_What is required_
Pictures stay out of the copy; output exactly the lines from the one containing "Venise Commode avec" through the end of the material.

_Data segment_
[Start of section]
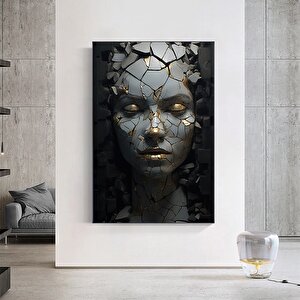 Kırık Soyut Kadın Portresi, Altın Kadın Kanvas Tablosu, Kadın Duvar Sanatı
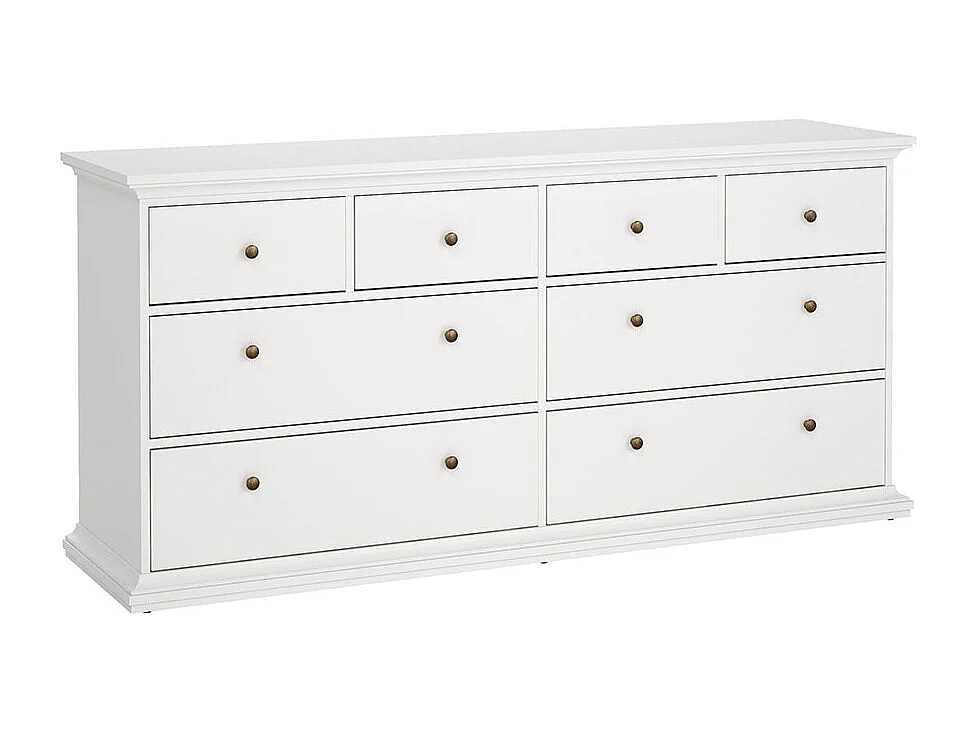 Venise Commode avec 4 grands tiroirs et 4 petits tiroirs, largeur 183 cm, hauteur 86 cm, blanc.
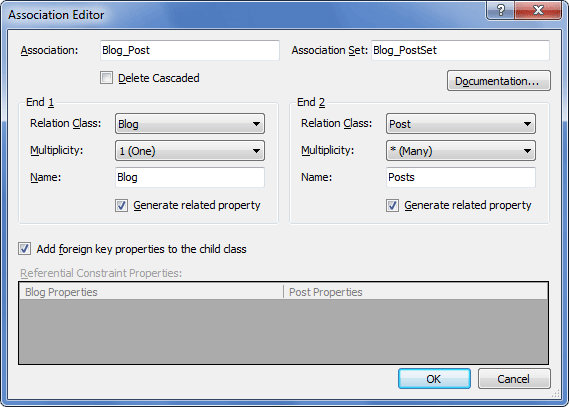 Displaying the Association Editor dialog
[End of section]
_Solution to this task_
 Venise Commode avec 4 grands tiroirs et 4 petits tiroirs, largeur 183 cm, hauteur 86 cm, blanc.
 Displaying the Association Editor dialog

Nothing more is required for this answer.